Her first tome was completed in 1929. “Cornelius Cole, California Pioneer and U.S. Senator” recounted our state’s development through the telling of Senator Cole’s many involvements over his 102-year lifespan. Of particular interest was his establishing the community of Colegrove, named for his wife Olive Colegrove Cole, on land deeded to him by Henry Hancock. The settlement near what is now the intersection of Santa Monica Boulevard and Vine Street was the precursor to Hollywood.

Northern California

Two of Catherine Coffin Phillip’s books focused on San Francisco — 1932’s “Portsmouth Plaza, The Cradle of San Francisco” and “Through the Golden Gate, San Francisco 1769-1937,” published in 1938. She tackled the Gold Rush in her last work, “Coulterville Chronicle, The Annals of a Mother Lode Mining Town.” Phillips had just seen the first copies of “Coulterville Chronicle” roll off the presses when she succumbed to liver cancer in 1942.

Jessie Benton Frémont

The Catherine Coffin Phillips book with the most lasting impact, however, and the one most closely tied to Southern California, is “Jessie Benton Frémont, A Woman Who Made History.”
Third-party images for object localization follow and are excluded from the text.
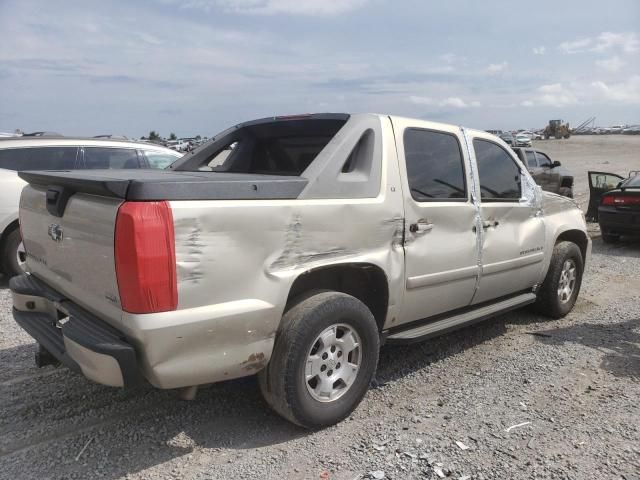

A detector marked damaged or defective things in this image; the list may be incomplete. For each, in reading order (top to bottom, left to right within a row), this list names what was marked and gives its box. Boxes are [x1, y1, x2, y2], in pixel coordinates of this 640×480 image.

damaged cadillac escalade ext [11, 113, 592, 428]
wrecked sedan [11, 113, 592, 428]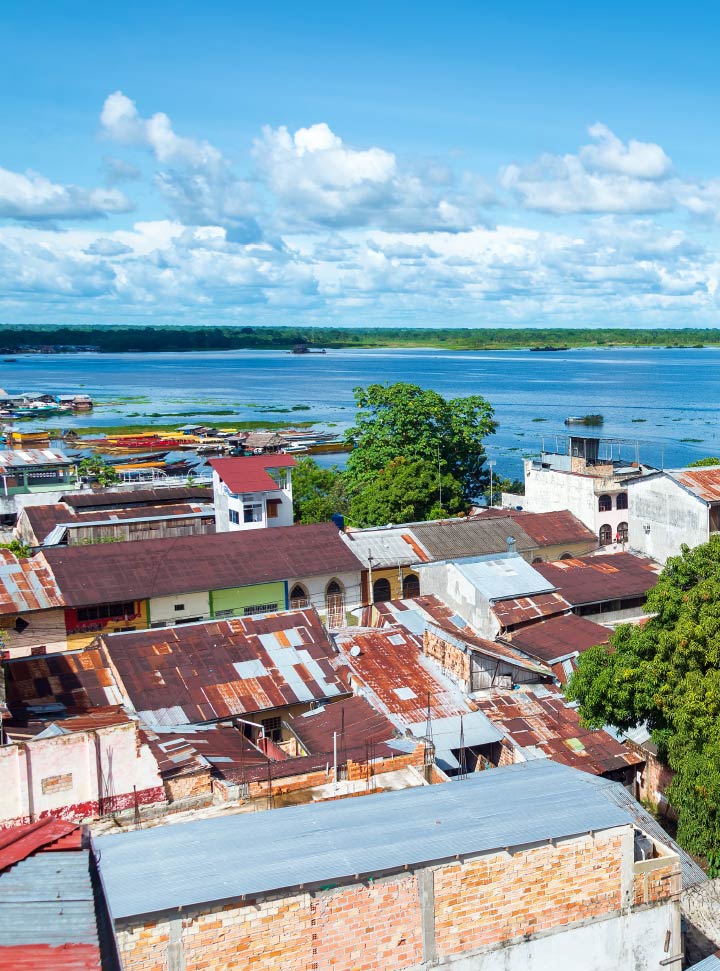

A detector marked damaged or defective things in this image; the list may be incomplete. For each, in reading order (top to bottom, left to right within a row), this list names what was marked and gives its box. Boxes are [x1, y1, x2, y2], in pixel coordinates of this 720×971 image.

rusty metal roof [0, 448, 72, 470]
rusty metal roof [208, 456, 296, 494]
rusty metal roof [672, 468, 720, 502]
rusty metal roof [408, 516, 536, 560]
rusty metal roof [0, 552, 63, 612]
rusty metal roof [42, 524, 362, 608]
rusty metal roof [532, 556, 660, 608]
rusty metal roof [492, 592, 572, 632]
rusty metal roof [5, 644, 121, 712]
rusty metal roof [102, 608, 348, 728]
rusty metal roof [334, 624, 470, 728]
rusty metal roof [510, 620, 612, 664]
rusty metal roof [476, 684, 644, 784]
One reason the book resonates so strongly even today is that the author and Frémont were friends and neighbors, resulting in Phillips gaining unlimited access to Frémont’s papers and unlimited time to listen to her stories.

In fact, Chris Morrison states, their proximity was no accident. “[Jessie’s husband] John Frémont made millions on this sweetheart gold mine deal up in Mariposa, about $100-$200 million,” explains Morrison. “He bet his earnings on another mine and lost everything, leaving them penniless. They even lost their house.”

That’s when Catherine and Lee Phillips stepped in, says Morrison. “You don’t want to let somebody of that historical significance sit in a rooming house and die.” In the late 1890’s, a committee of ladies, including Catherine, presented to Frémont a house built for her on Hoover Street.

Morrison was born after his great-grandmother died, so his stories about her are from his father, Keith, Lucile’s and Wayland’s fourth son. Chris Morrison was told his great-grandmother was elegant, formal, beautiful and incredible. He also knows she enjoyed a good cocktail. “My dad used to mix drinks for her. She’d say, ‘Son, go over there and make me a martini and make one for yourself.’” Morrison pauses and laughs. “He was 11! Back then it was okay.”

Both Catherine and Lee Phillips are buried not far from Berkeley Square — in Rosedale Cemetery, in what is probably the most prominent family plot in the cemetery, a large oval of grass at the top of the entrance road.

It is a sad testament to the times that, in spite of her enormous accomplishments, the January 9, 1938 “New York Times” obituary of her husband referred to Mrs. Phillips only as “his widow.” Similarly, her 1942 “Los Angeles Times” obituary, although listing her numerous achievements, never mentions her given name. The headline declares, “Mrs. Lee Allen Phillips, Writer on California, Dies.”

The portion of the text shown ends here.